**What the task asks**
Directions for the data below: repeat exactly the lines from the one with "[Photo] Những màn" through the one with "531 Pineland Road", both included, and omit all pictures.

START Material for this task

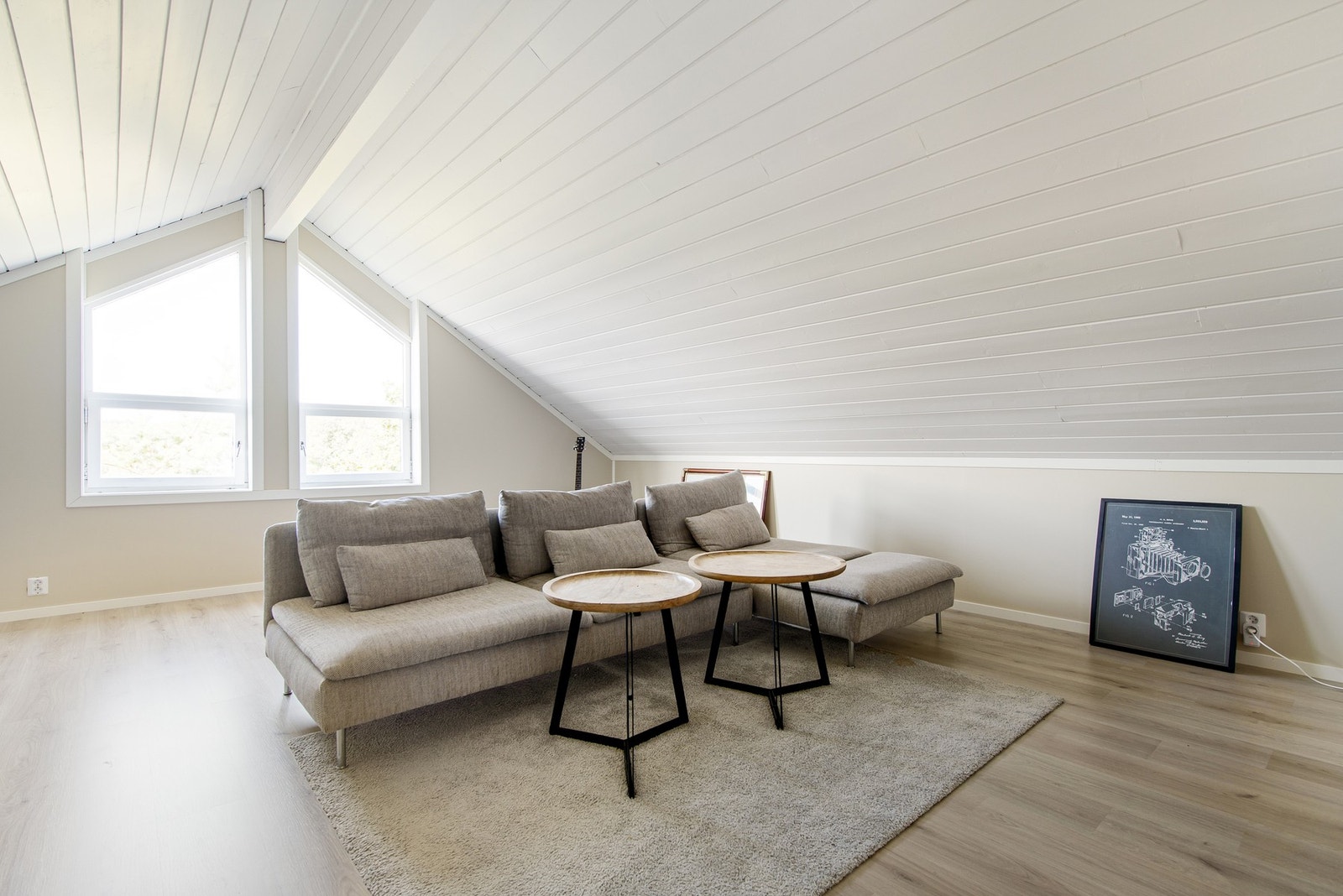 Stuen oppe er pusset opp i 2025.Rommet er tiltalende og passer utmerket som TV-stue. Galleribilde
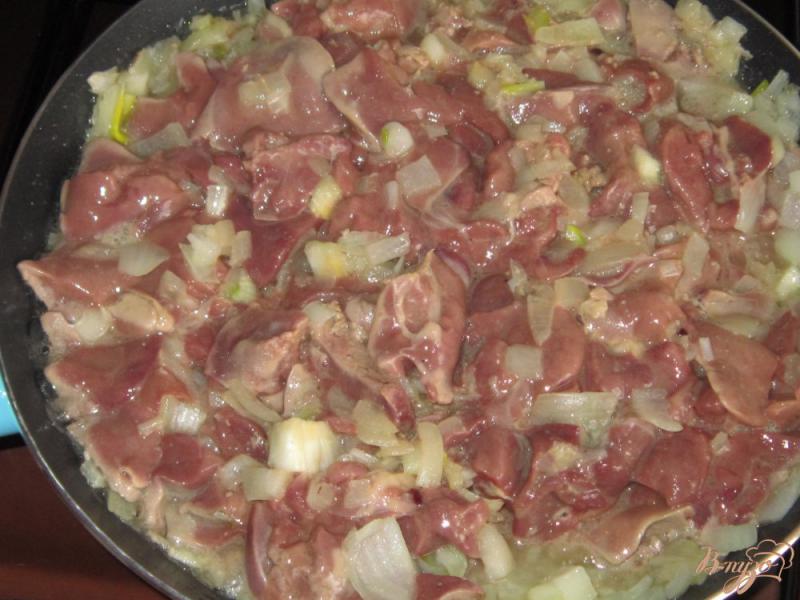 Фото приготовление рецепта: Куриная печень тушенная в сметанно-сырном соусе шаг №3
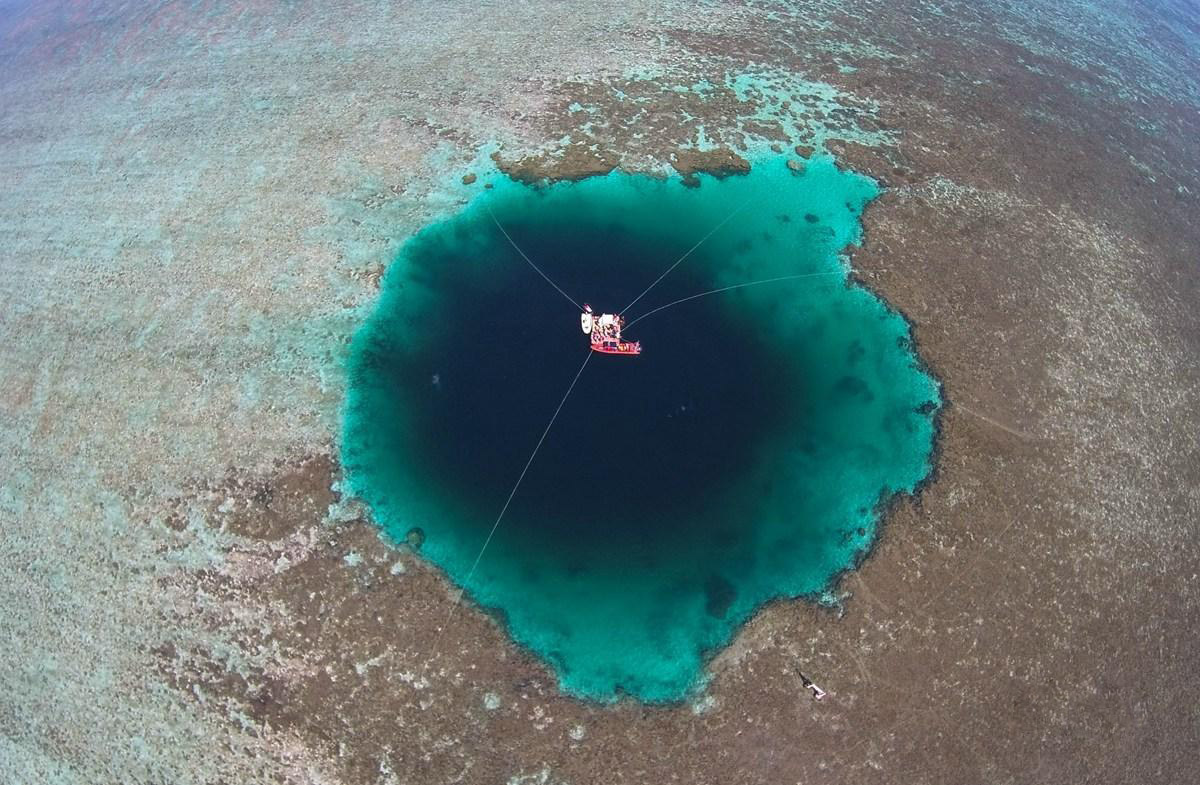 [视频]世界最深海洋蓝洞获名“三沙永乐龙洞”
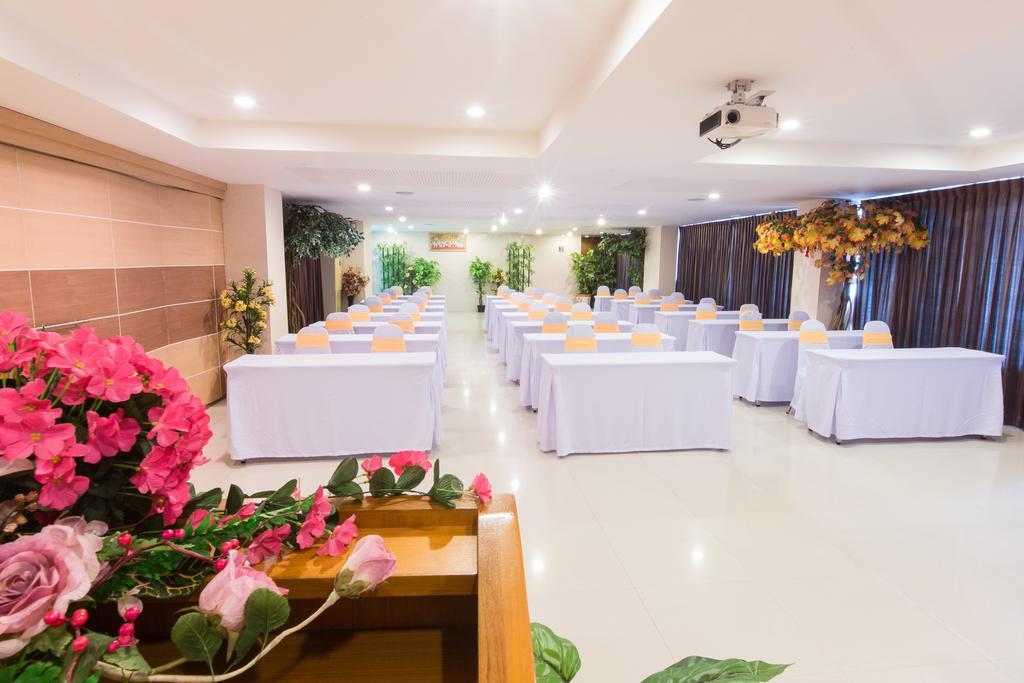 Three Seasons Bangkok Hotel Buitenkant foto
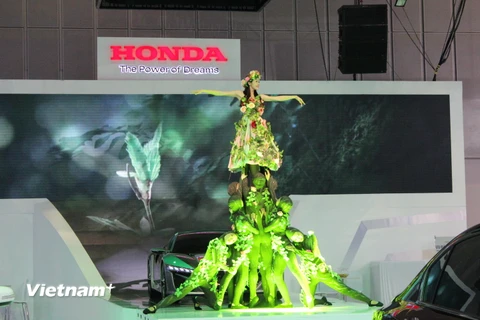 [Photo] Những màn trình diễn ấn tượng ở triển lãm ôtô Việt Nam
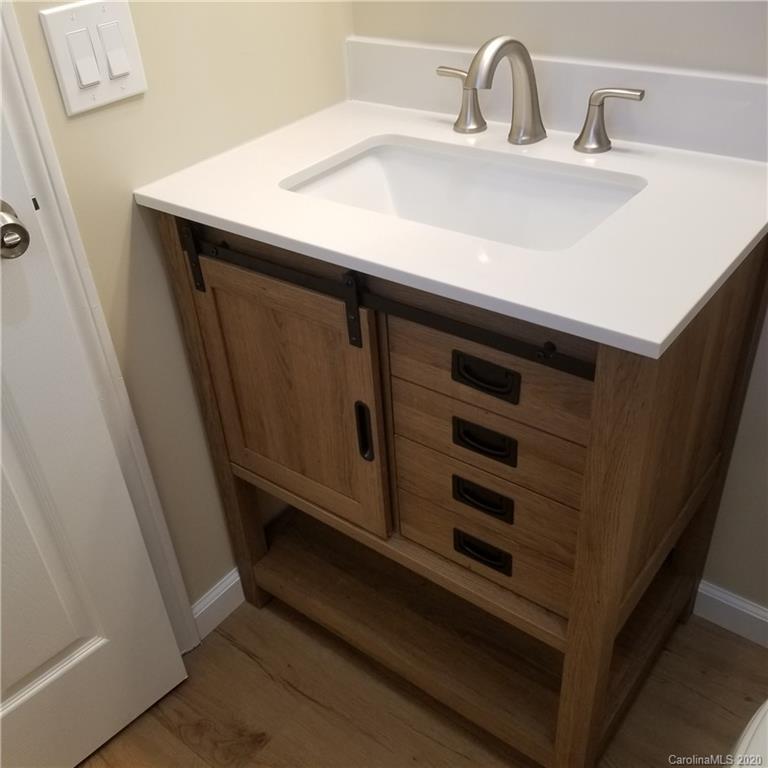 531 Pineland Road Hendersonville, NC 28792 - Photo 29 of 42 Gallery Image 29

END Material for this task
START Material for this task

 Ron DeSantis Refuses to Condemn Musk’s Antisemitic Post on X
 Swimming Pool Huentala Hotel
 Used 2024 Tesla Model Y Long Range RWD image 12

END Material for this task
START Material for this task

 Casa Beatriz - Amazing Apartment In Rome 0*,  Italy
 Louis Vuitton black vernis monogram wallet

END Material for this task

**Exercise answer**
 [Photo] Những màn trình diễn ấn tượng ở triển lãm ôtô Việt Nam
 531 Pineland Road Hendersonville, NC 28792 - Photo 29 of 42 Gallery Image 29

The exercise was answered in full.